Für einen Blick über die Grenzen des Wattenmeeres hinaus präsentierte die Hauptrednerin Dr. Nathalie Niquil vom französischen Nationalen Zentrum für wissenschaftliche Forschung ihre Arbeit über Nahrungsnetze vor der französischen Küste. „Der Klimawandel, insbesondere durch steigende Temperaturen, übt einen unbestrittenen Druck auf unsere Artenvielfalt aus“, so Niquil. „Die Auswirkungen zeigen sich in Veränderungen in der Verteilung der Arten sowie in veränderten Prozessen wie der Photosynthese oder dem Wachstum der Arten. Sie führen zu einer Veränderung in der Funktionsweise der Ökosysteme. Die Untersuchung von Nahrungsnetzen, wie der Verbindungen zwischen Beutetieren und Räubern, ermöglicht es, das Zusammenwirken dieser Veränderungen mit anderen Belastungsfaktoren im Zusammenhang mit menschlichen Tätigkeiten wie Fischerei, Verschmutzung oder der Veränderung von Meereslebensräumen zu erforschen.“
Dr. Sabine Horn vom Alfred-Wegener-Institut, Helmholtz-Zentrum für Polar- und Meeresforschung, fasste in ihrem Vortrag die regionale Perspektive zusammen. „Das Nahrungsnetz des Wattenmeeres ist ein komplexes System, das Güter und Dienstleistungen für die Menschheit bereitstellt. Auswirkungen wie steigende Temperaturen, eingeschleppte Arten und Lebensraumzerstörung führen zu gravierenden Veränderungen in seiner Struktur und Funktionsweise”, so Horn. Insgesamt wurden in neun Vorträgen Einblicke in die verschiedenen trophischen Ebenen des Nahrungsnetzes im Wattenmeer gegeben, von der Primärproduktion bis hin zu den Spitzenräubern.

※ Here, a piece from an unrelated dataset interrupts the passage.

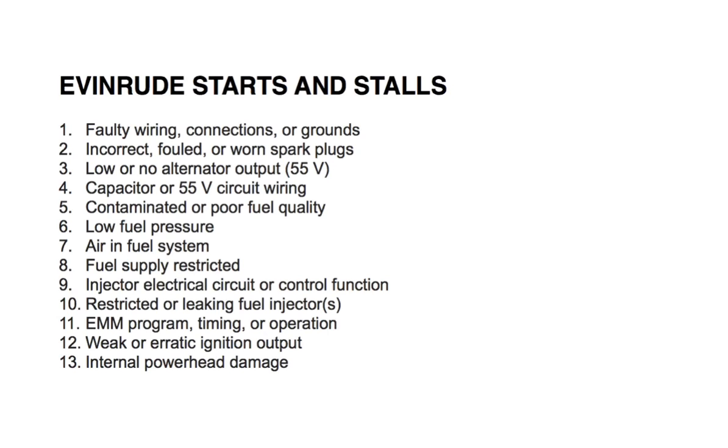Number three: low or no alternator output. Check voltage on the 55-volt circuits. Refer to the system analysis and electrical and ignition section in the repair manual for more information. Number four: capacitor or 55-volt circuit wiring. Check the capacitor and 55-volt circuit, and again refer to the system analysis and electrical and ignition section in your repair manual.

Der Tag endete mit einer Feier zum Abkommen zum Schutz der Seehunde im Wattenmeer (WSSA), das vor 31 Jahren, am 1. Oktober 1991, in Kraft trat. „Als Spitzenraubtiere im Nahrungsnetz spielen die Seehunde eine Schlüssel-Rolle im Ökosystem des Wattenmeeres“, sagt Bernard Baerends, Exekutivsekretär des Gemeinsamen Wattenmeersekretariats. „Doch sie sind durch viele menschliche Aktivitäten im Wattenmeer bedroht und bedürfen daher eines besonderen Schutzes.“ Ziel des Abkommens ist es, auch durch eine enge Zusammenarbeit bei Forschung und Monitoring sowie durch eine stärkere Sensibilisierung der Öffentlichkeit eine natürliche Bestandsgröße bei den Seehunden als integralem Bestandteil dieses Ökosystems zu erreichen und zu erhalten. „Mit stabilen Beständen von etwa 39.500 Seehunden und 9.000 Kegelrobben haben sich unsere Schutzbemühungen auf Basis dieser Vereinbarung als Erfolg erwiesen“, so Baerends abschließend. Aufgrund der Pandemie war eine Feier im Herbst 2021 nicht möglich.
Der Wattenmeertag wird seit 2006 zusammen vom Gemeinsamen Wattenmeersekretariat und der Nationalparkverwaltung Niedersächsisches Wattenmeer organisiert.